New NSW report highlights waste management improvement

New NSW report highlights waste management improvement

The New South Wales community is embracing recycling and cleaner energy technologies but the legacy of drought, bushfires and climate change has left a mark on the environment, according to the latest State of the Environment report.

Prepared every three years, the NSW State of the Environment reports on the status of key environmental issues facing New South Wales. The report is structured around six environmental themes: Drivers, Human Settlement, Climate and Air, Land, Biodiversity, Water and Marine

According to the report, the state has seen a drop in littering of 43 per cent over the past six years and 64 per cent of waste was diverted for recycling in 2019-20. Additionally, Greenhouse gas emissions in 2019 were 17 per cent lower than in 2005.

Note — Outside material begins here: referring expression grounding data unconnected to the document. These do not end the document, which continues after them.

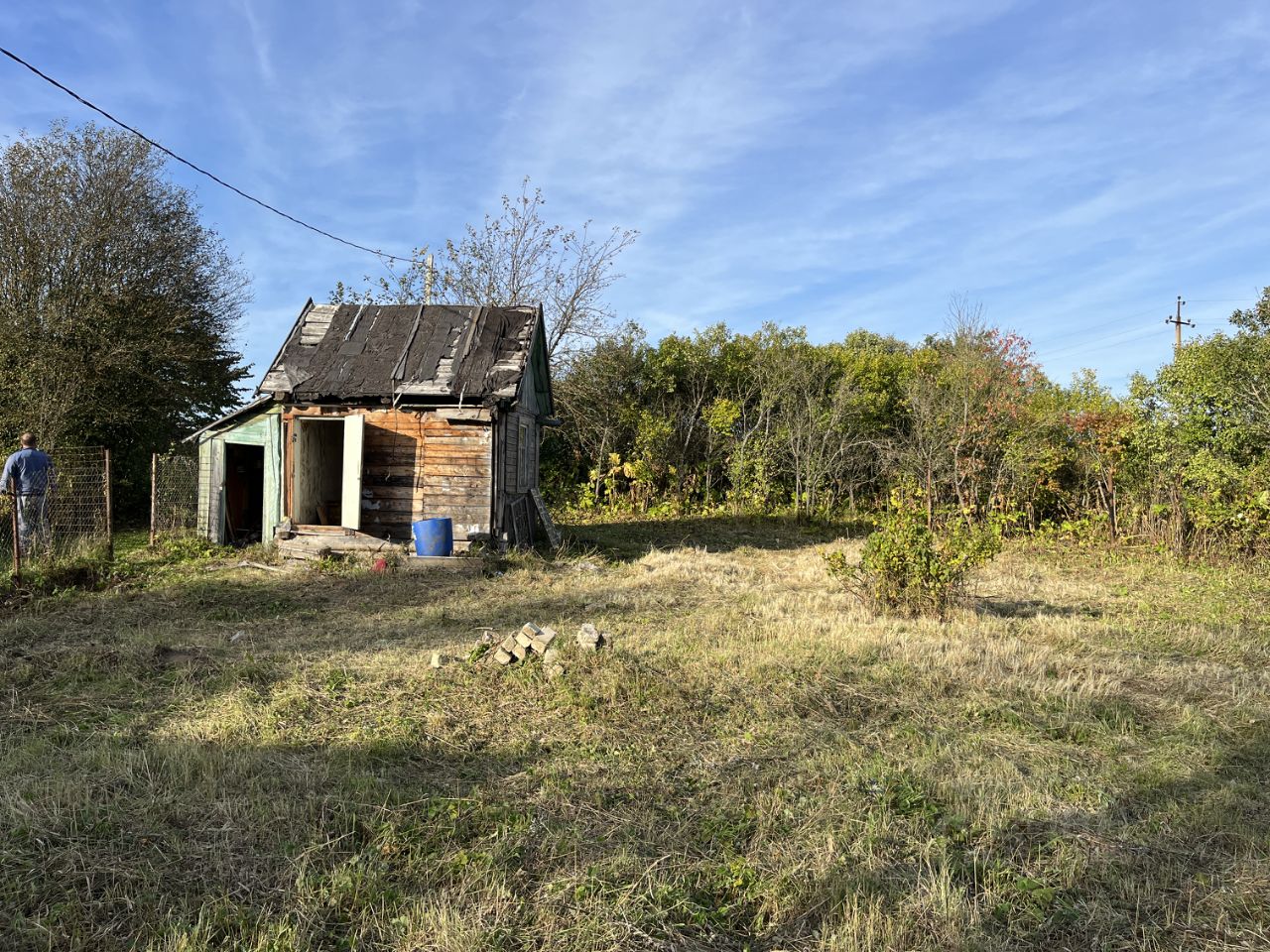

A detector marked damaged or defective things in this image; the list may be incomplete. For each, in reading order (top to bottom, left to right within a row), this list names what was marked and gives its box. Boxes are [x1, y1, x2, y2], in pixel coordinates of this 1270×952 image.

damaged shingle roof [257, 299, 541, 401]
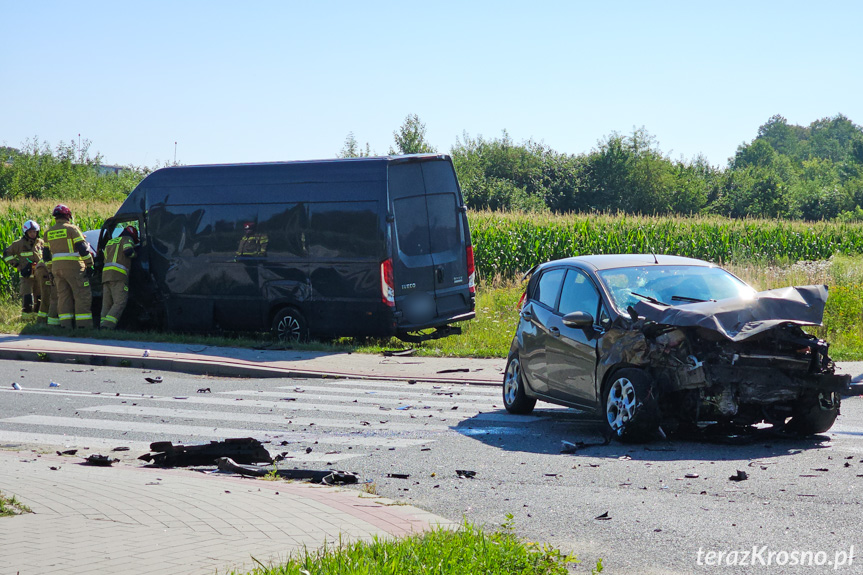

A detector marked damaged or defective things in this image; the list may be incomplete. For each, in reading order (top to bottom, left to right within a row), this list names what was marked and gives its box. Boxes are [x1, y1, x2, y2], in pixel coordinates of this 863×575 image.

damaged black car [502, 254, 852, 444]
crumpled car hood [636, 284, 832, 342]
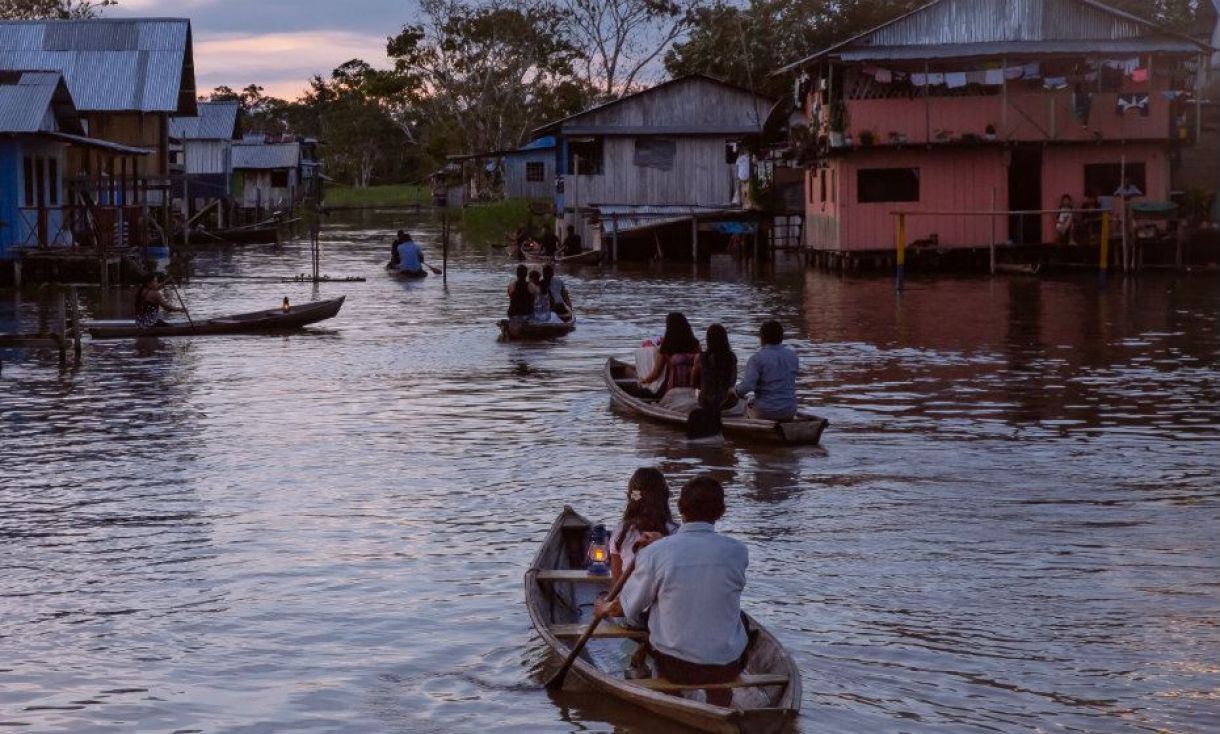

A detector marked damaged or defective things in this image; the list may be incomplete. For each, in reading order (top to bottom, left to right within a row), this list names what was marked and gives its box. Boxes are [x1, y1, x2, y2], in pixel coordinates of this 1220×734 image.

rusty metal roof [0, 18, 192, 113]
rusty metal roof [775, 0, 1215, 72]
rusty metal roof [0, 69, 81, 134]
rusty metal roof [170, 99, 239, 140]
rusty metal roof [231, 141, 301, 168]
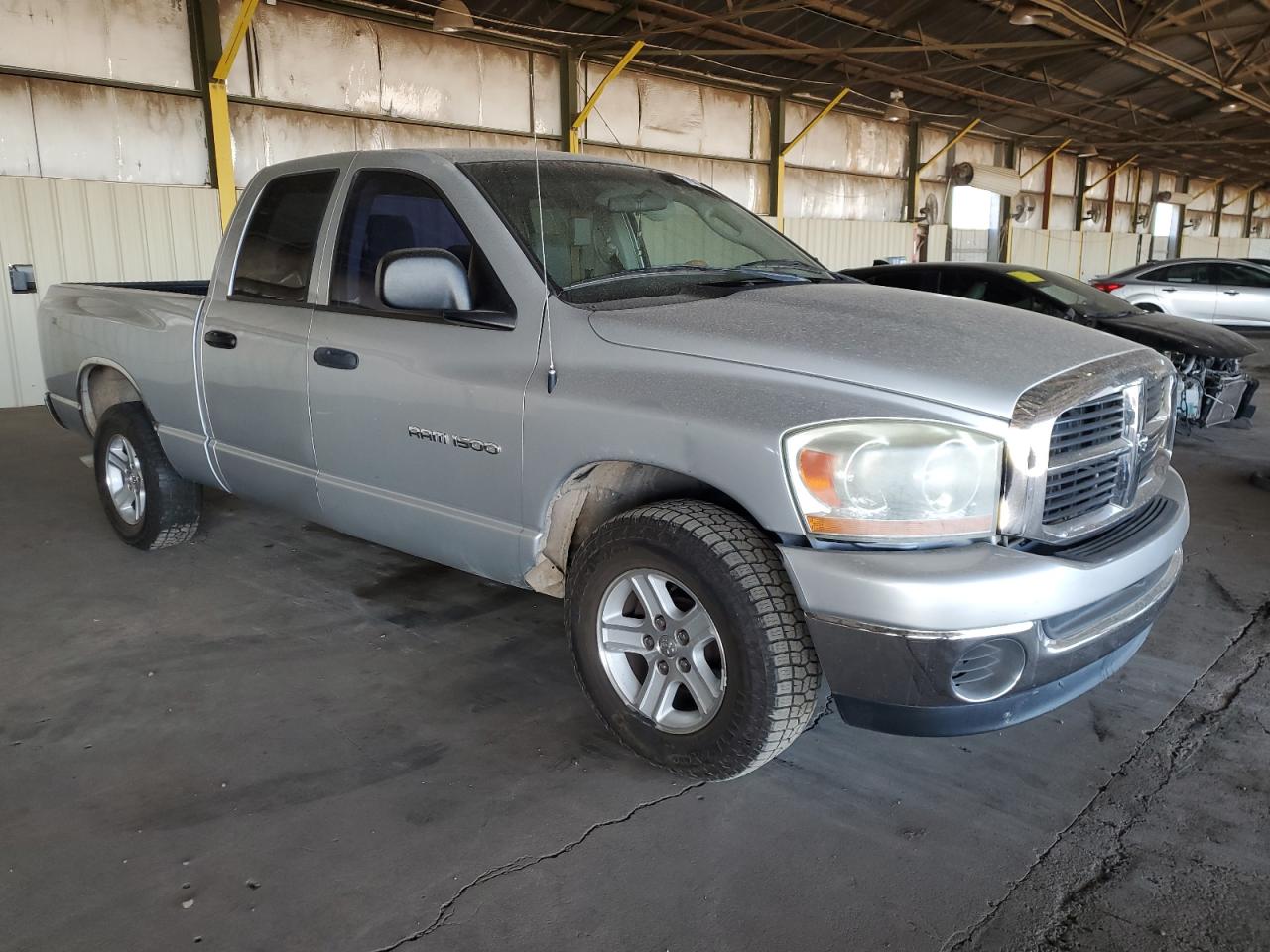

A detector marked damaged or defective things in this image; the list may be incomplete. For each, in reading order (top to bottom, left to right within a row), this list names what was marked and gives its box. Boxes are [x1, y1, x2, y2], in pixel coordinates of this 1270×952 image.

damaged vehicle [42, 151, 1191, 781]
damaged vehicle [841, 258, 1262, 426]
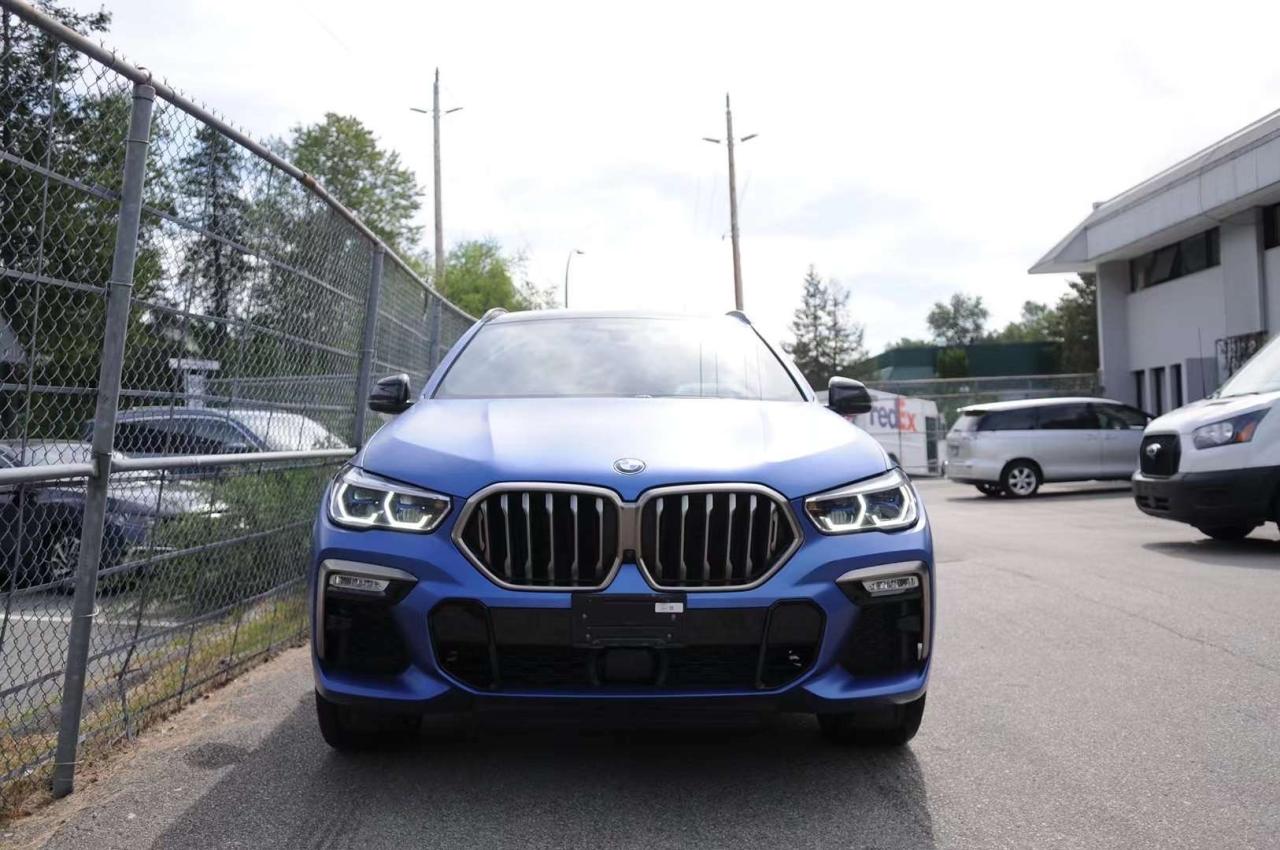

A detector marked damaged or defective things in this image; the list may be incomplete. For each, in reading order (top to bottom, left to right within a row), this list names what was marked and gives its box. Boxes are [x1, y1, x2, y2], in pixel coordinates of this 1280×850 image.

cracked asphalt [5, 478, 1274, 850]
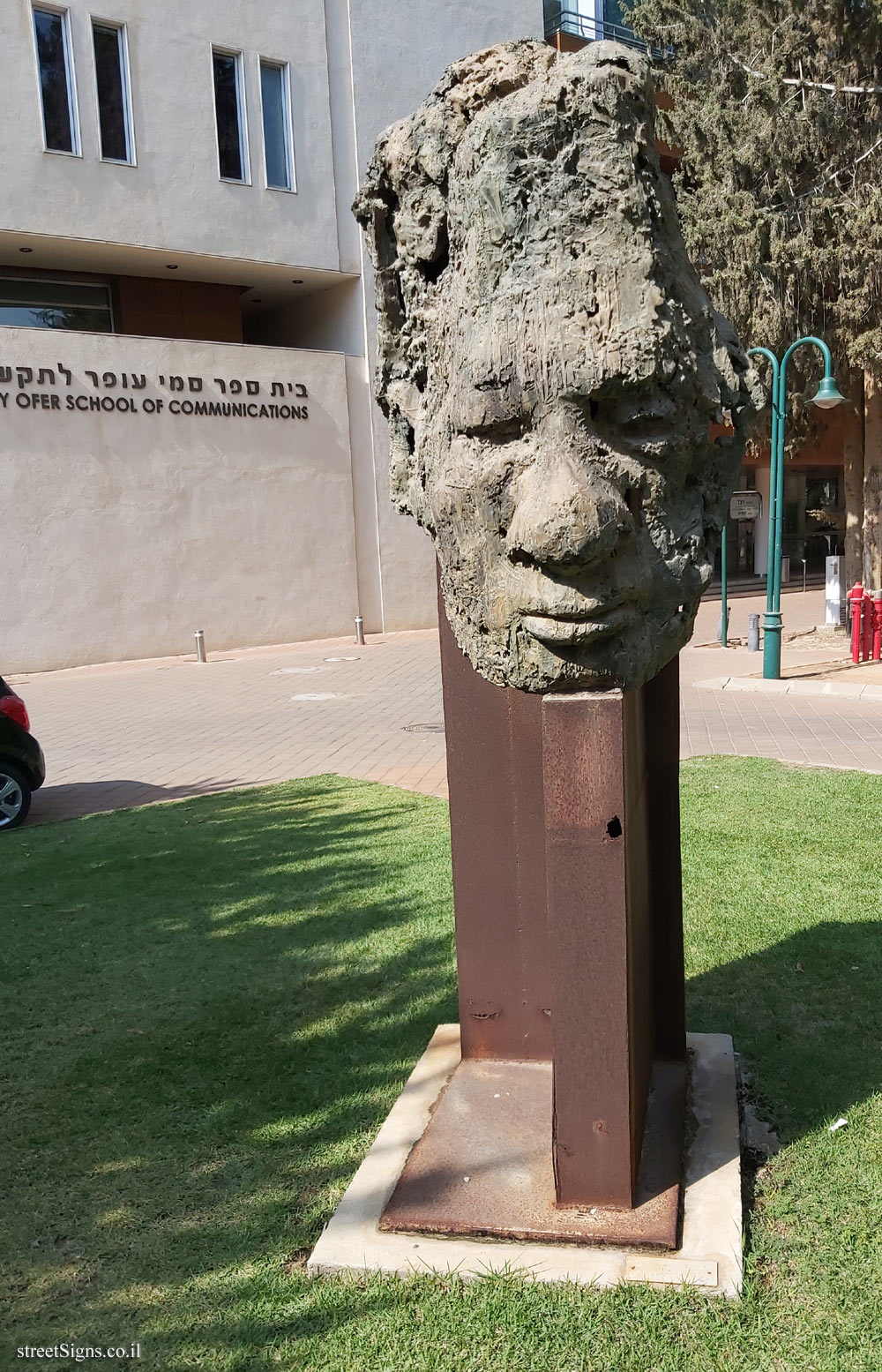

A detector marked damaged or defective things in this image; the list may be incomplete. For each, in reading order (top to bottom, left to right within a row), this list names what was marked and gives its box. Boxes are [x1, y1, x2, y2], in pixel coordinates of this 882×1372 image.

rusted steel pedestal [378, 595, 691, 1251]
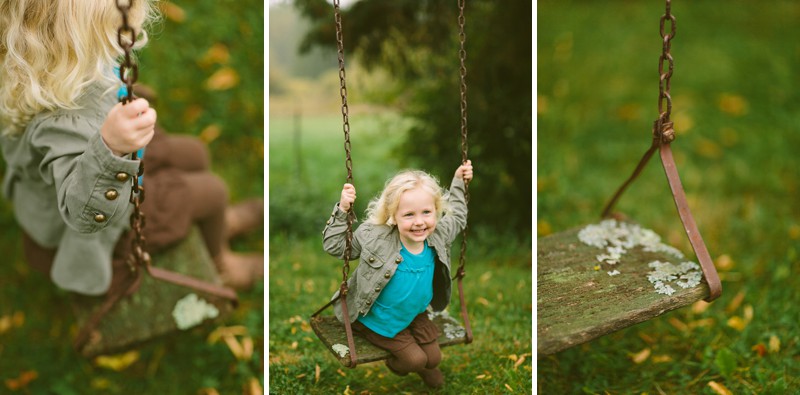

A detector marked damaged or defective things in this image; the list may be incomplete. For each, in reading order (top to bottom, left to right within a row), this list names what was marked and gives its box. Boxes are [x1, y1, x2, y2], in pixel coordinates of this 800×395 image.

rusty metal chain [115, 0, 150, 270]
rusty metal chain [332, 0, 354, 290]
splintered wood edge [536, 224, 712, 358]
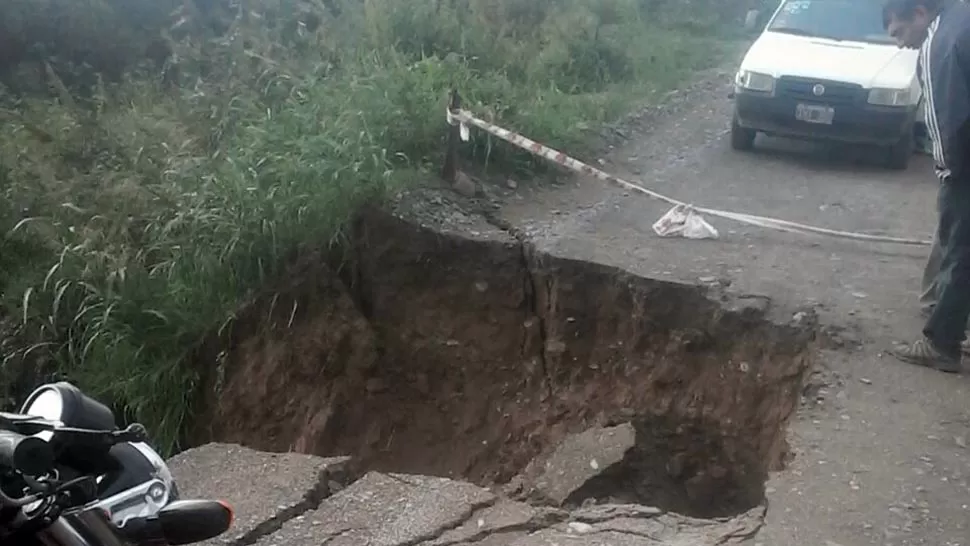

The NSW Government’s Waste Less, Recycle More program has also continued to be effective in managing waste, with new recycling facilities opening for problem wastes.

NSW Environment Protection Authority (EPA) Acting Chief Executive Officer Jacqueleine Moore said keeping track of the changing data had never been more important.

“The latest instalment of this three-yearly report captures the impact of the devastating 2019-20 bushfires and the drought which damaged our native animal numbers, water quality and air quality, and topsoil,” Moore said.

“The State of the Environment covers 22 topics with data sourced from 11 different government bodies. It helps policy makers inform the right programs to target current and future environmental challenges.”

The future environmental challenges highlighted in the report include addressing the impacts of Sydney’s growing population on waste generation, water usage, natural resources and land clearing.

To view the report, click here.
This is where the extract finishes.